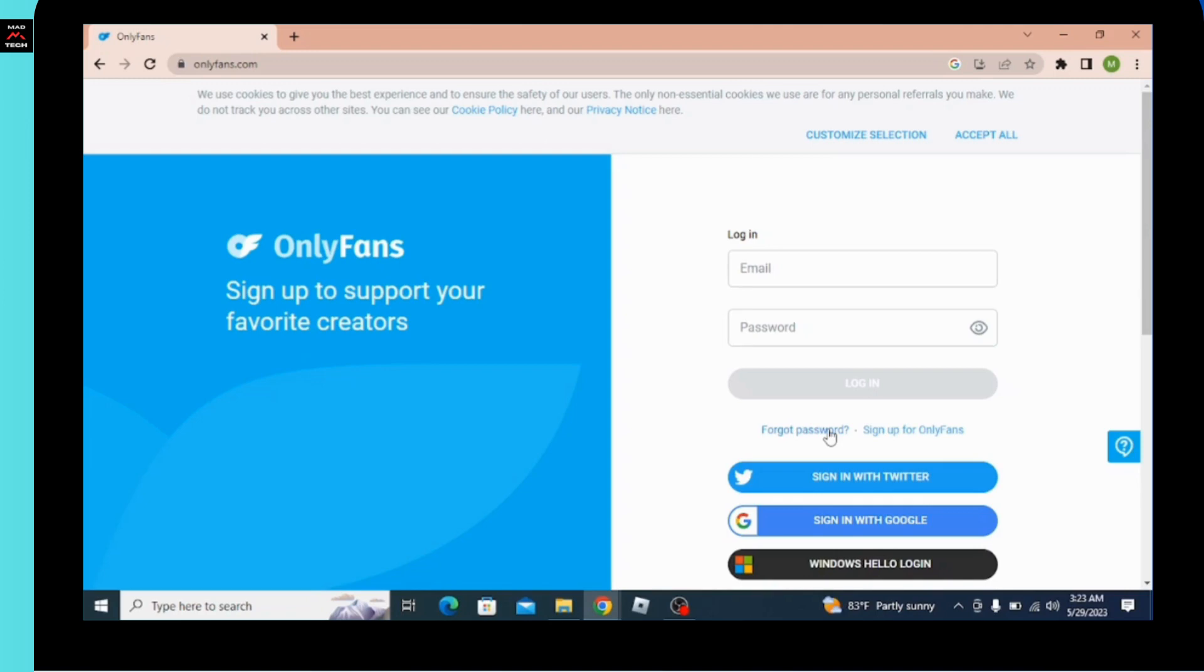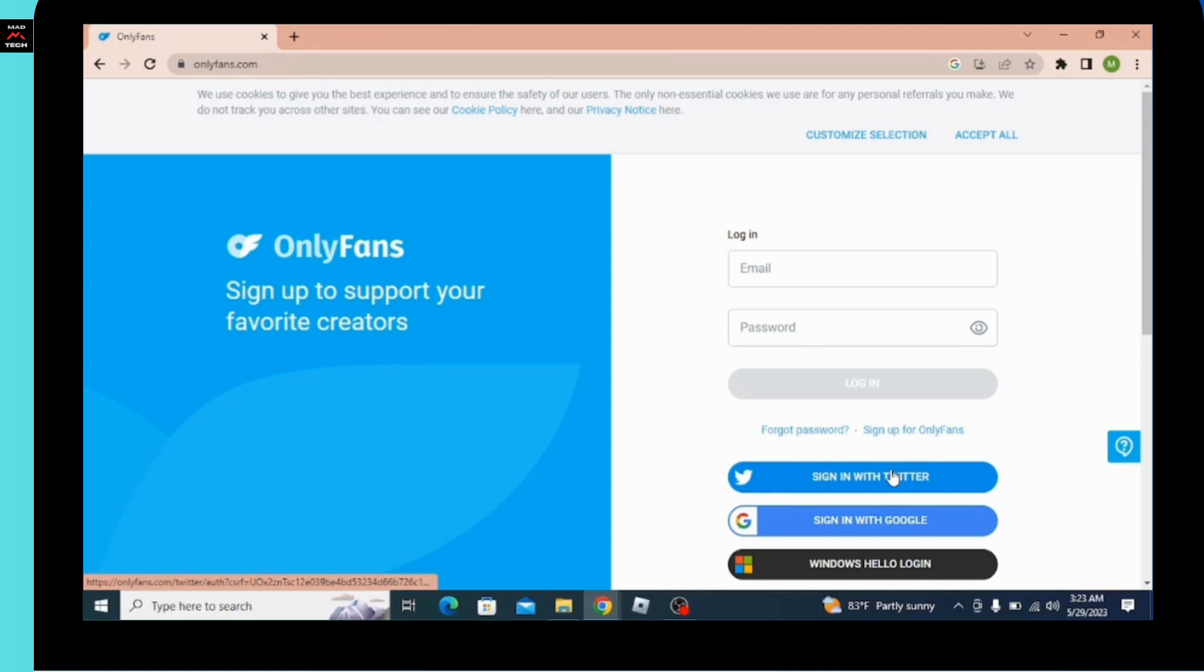You can also sign in with Twitter, Google, or Hello login. And by this way you can log into OnlyFans account. So hope this video was helpful. Don't forget to like, comment, share, and subscribe our channel for more videos like this. Thanks for watching.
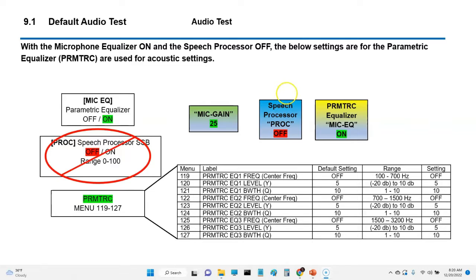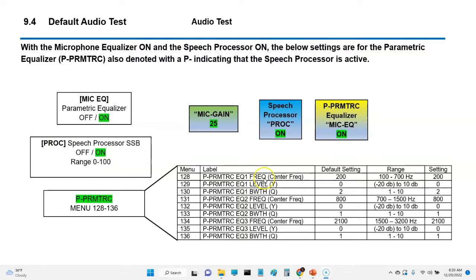Now this is the settings here. When I turn off the speech processor, these settings here take effect. So everything's at default. We're going to go ahead and go over to the radio, set everything up custom, and then we'll go back and take some audio samples again.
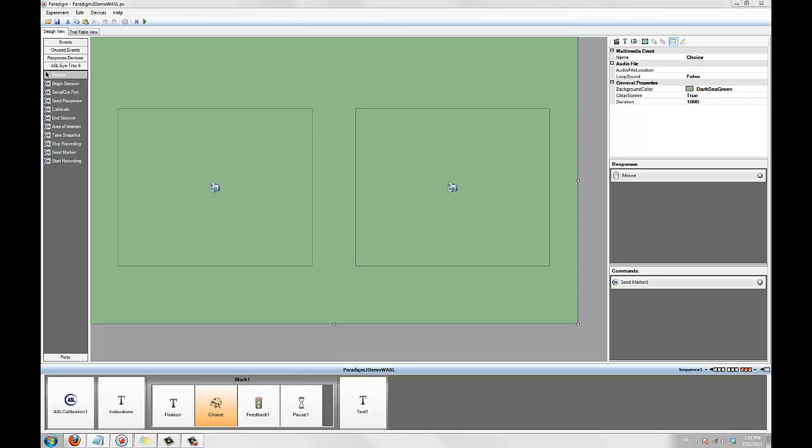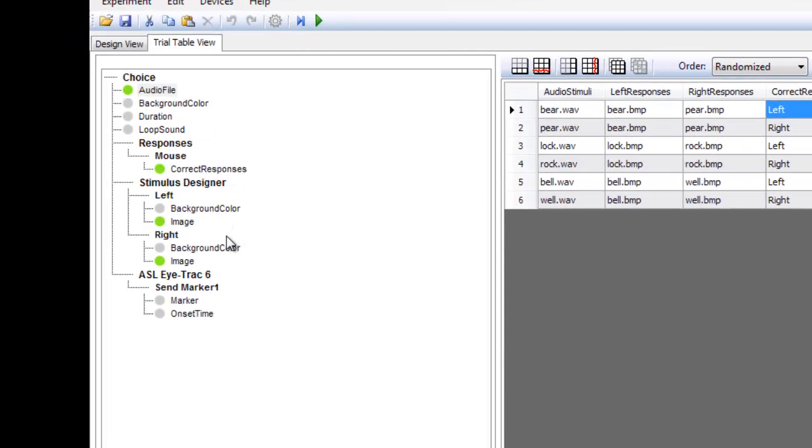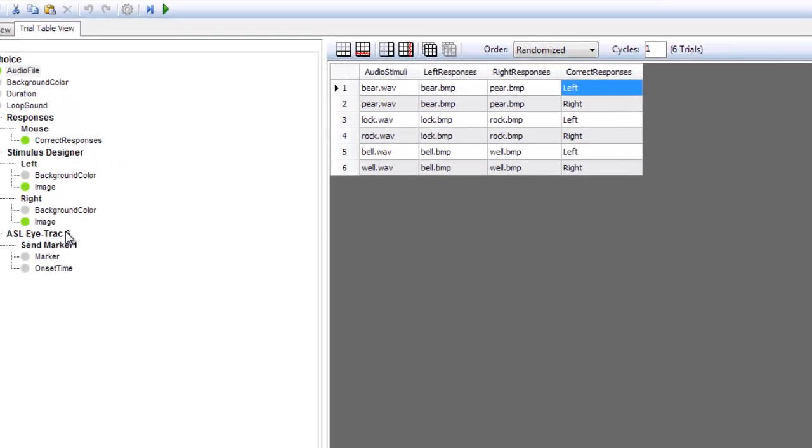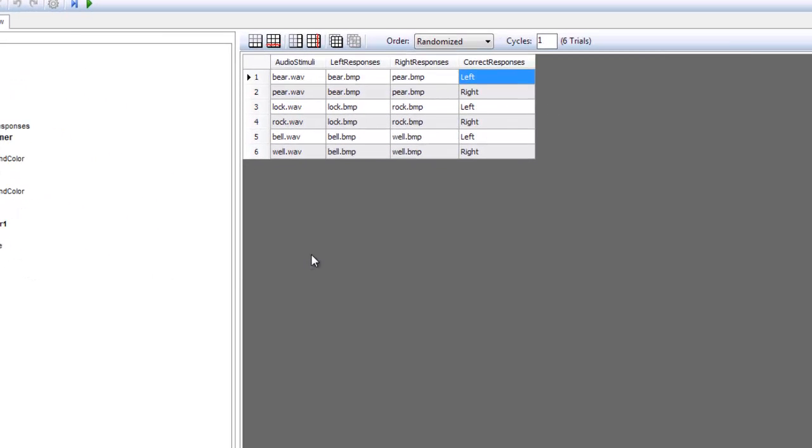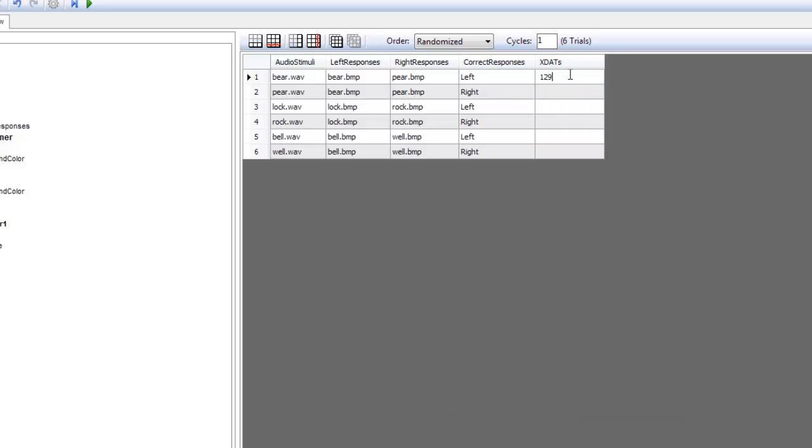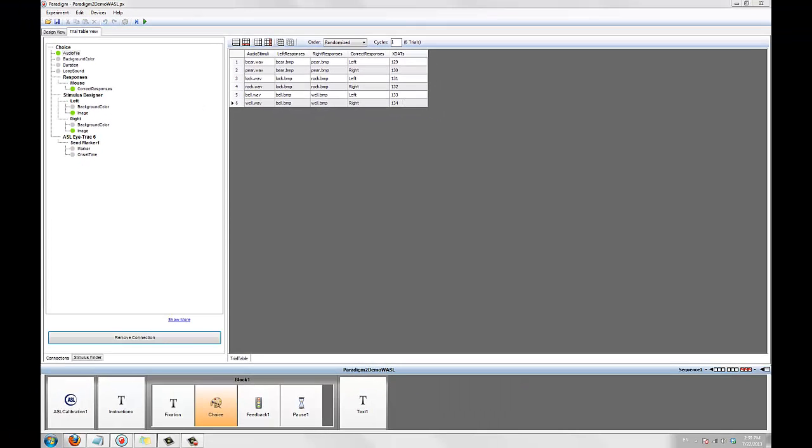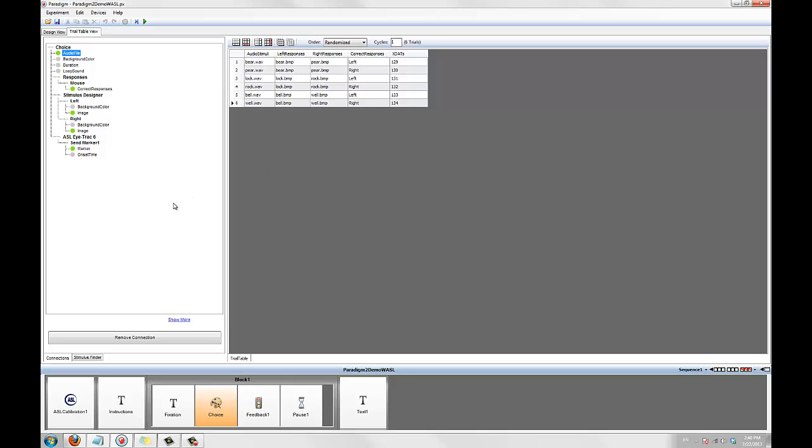Now let's go to the trial table and specify a unique xStat for each trial. If you look at the listed properties for the choice event, you'll see that the sendMarker element is now listed under the ASLI Track 6 category. We want to make a connection between the marker property and a column in this trial table that holds a unique xStat for each trial. Let's first add a column of xStats. Now that we have our column of xStats, let's make the connection by dragging the marker property of the sendMarker element onto the column. You can click on it to make sure the right column has been connected. The sendMarker element will now send a unique xStat for each stimulus in this block of trials.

- [Exercise] Without including any pictures, print all of the material exactly as given.

- [Output for this task]
You can also sign in with Twitter, Google, or Hello login. And by this way you can log into OnlyFans account. So hope this video was helpful. Don't forget to like, comment, share, and subscribe our channel for more videos like this. Thanks for watching.
Now this is the settings here. When I turn off the speech processor, these settings here take effect. So everything's at default. We're going to go ahead and go over to the radio, set everything up custom, and then we'll go back and take some audio samples again.
Now let's go to the trial table and specify a unique xStat for each trial. If you look at the listed properties for the choice event, you'll see that the sendMarker element is now listed under the ASLI Track 6 category. We want to make a connection between the marker property and a column in this trial table that holds a unique xStat for each trial. Let's first add a column of xStats. Now that we have our column of xStats, let's make the connection by dragging the marker property of the sendMarker element onto the column. You can click on it to make sure the right column has been connected. The sendMarker element will now send a unique xStat for each stimulus in this block of trials.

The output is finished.